Motivation

Can we get rid of addonHistograms?

What, if anything, Useful do we get from Addons Histograms?

import pandas as pd
import numpy as np
import matplotlib

from matplotlib import pyplot as plt
from moztelemetry.dataset import Dataset
from moztelemetry import get_pings_properties, get_one_ping_per_client
Unable to parse whitelist (/mnt/anaconda2/lib/python2.7/site-packages/moztelemetry/histogram-whitelists.json).

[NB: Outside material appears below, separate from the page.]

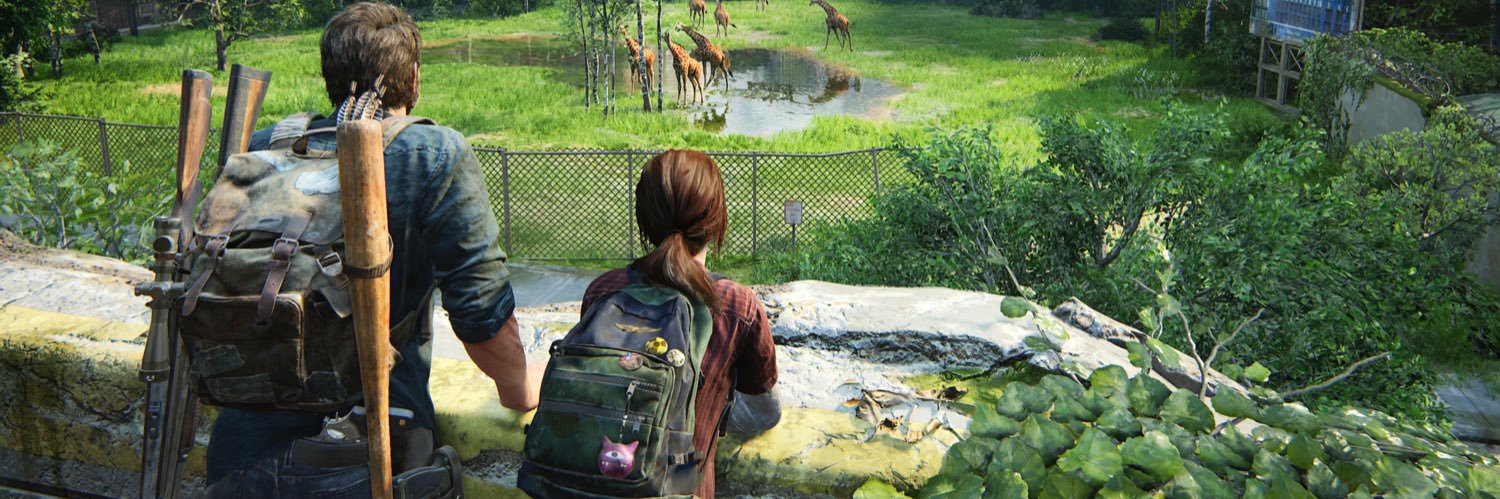 ThatdudeRiley23's profile banner image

Assuming all histograms are acceptable.

Let’s just look at a non-representative 10% of main pings gathered on a recent Tuesday.

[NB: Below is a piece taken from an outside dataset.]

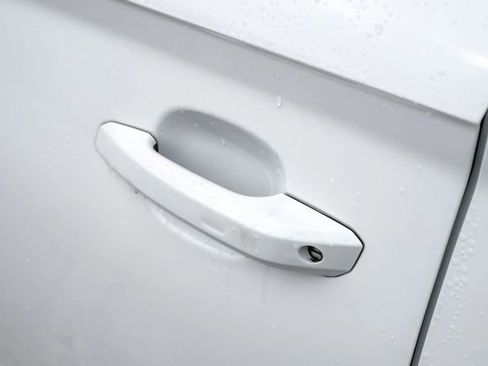 Used 2022 Audi Q5 2.0T Premium image 44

pings = Dataset.from_source("telemetry") \
    .where(docType='main') \
    .where(submissionDate="20170328") \
    .records(sc, sample=0.1)
subset = get_pings_properties(pings, ["payload/addonHistograms"])

How many pings even have addonHistograms?

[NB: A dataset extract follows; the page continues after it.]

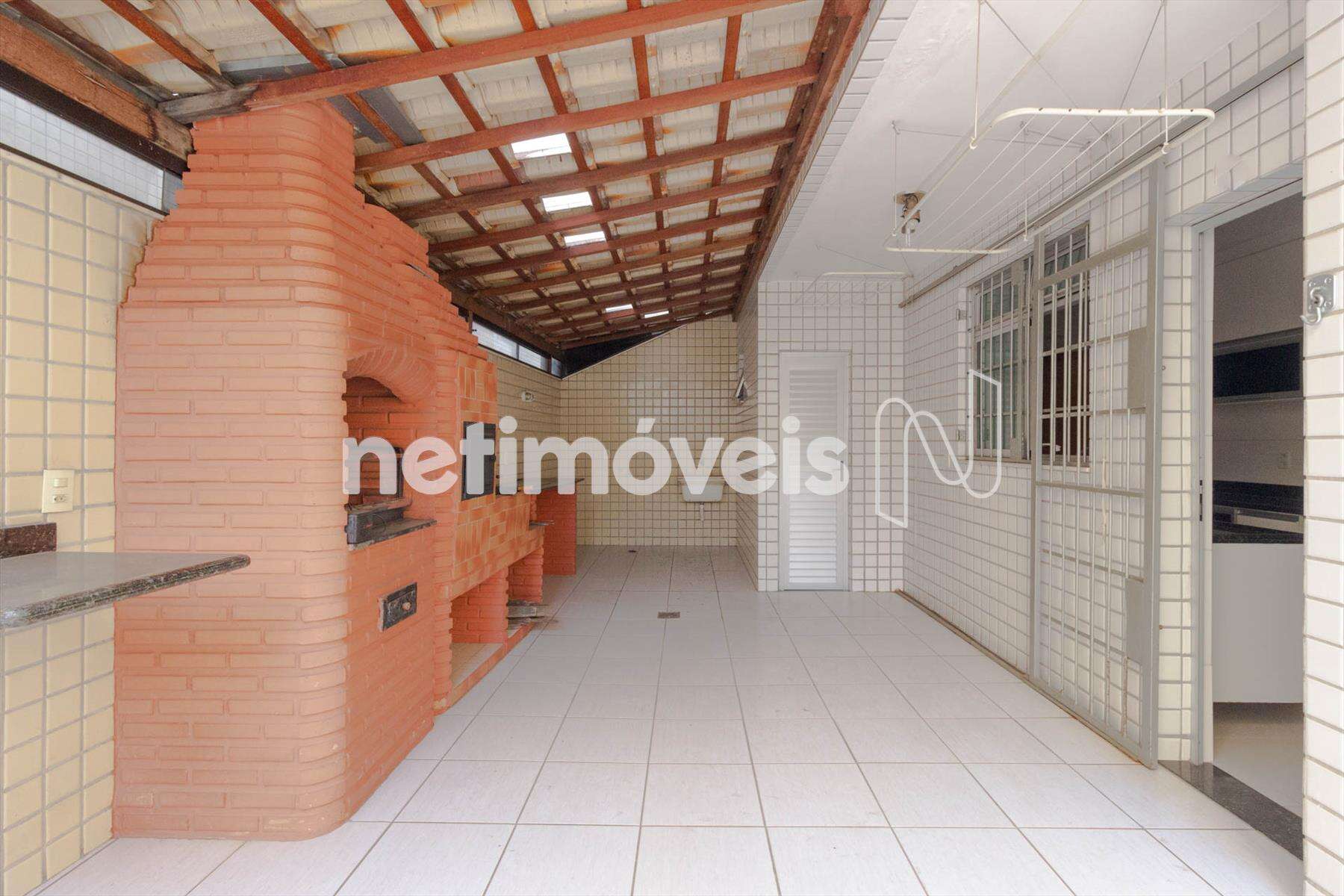 area-privativa-03-quartos-castelo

full_count = subset.count()
full_count
37815981
filtered = subset.filter(lambda p: p["payload/addonHistograms"] is not None)
filtered_count = filtered.count()
filtered_count
25794
1.0 * filtered_count / full_count
0.0006820925787962502

So, not many. Which addons are they from?

addons = filtered.flatMap(lambda p: p['payload/addonHistograms'].keys()).map(lambda key: (key, 1))
addons.countByKey()
defaultdict(int,
            {u'Firebug': 92,
             u'shumway@research.mozilla.org': 15,
             u'uriloader@pdf.js': 4})

Wow, so most of those addonHistograms sections are empty.

…And those that aren’t are from defunct data collection sources. Looks like we can remove this without too many complaint. Excellent.